◆ TASK DETAILS ◆
Please give the listing underneath again, exactly as shown.

◆ EXERCISE DATA ◆
────────────────────

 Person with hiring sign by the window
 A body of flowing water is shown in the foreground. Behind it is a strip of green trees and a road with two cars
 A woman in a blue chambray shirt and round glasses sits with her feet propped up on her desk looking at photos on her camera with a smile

────────────────────

◆ RESULT BELOW ◆
 Person with hiring sign by the window
 A body of flowing water is shown in the foreground. Behind it is a strip of green trees and a road with two cars
 A woman in a blue chambray shirt and round glasses sits with her feet propped up on her desk looking at photos on her camera with a smile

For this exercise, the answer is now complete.